- _Required action_: Starting with the line with "INDIA: 4 Missing, 39" in the entries below and going on through the line with "Standard Queen Room", output every line exactly and nothing more. No pictures.

- _Records supplied_:
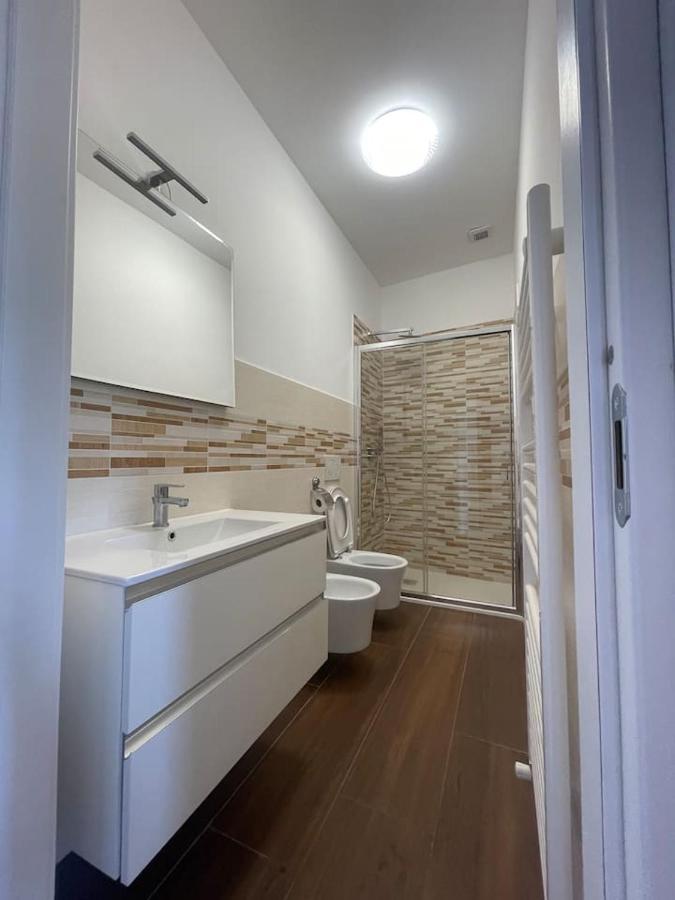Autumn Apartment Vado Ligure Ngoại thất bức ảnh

==

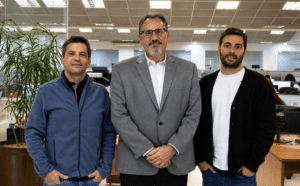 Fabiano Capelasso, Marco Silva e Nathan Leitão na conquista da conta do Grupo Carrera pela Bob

* * *

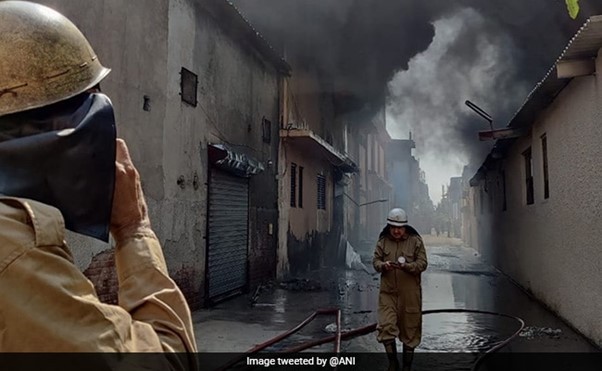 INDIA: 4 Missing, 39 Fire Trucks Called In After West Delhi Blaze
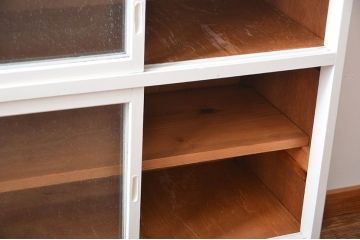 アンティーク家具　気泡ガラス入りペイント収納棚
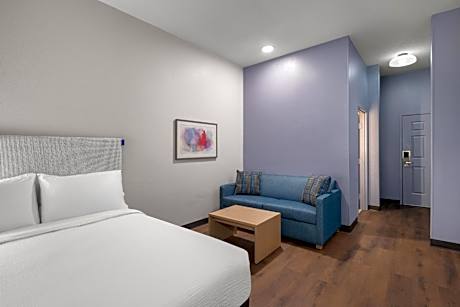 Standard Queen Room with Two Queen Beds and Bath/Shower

- _Result_:
 INDIA: 4 Missing, 39 Fire Trucks Called In After West Delhi Blaze
 アンティーク家具　気泡ガラス入りペイント収納棚
 Standard Queen Room with Two Queen Beds and Bath/Shower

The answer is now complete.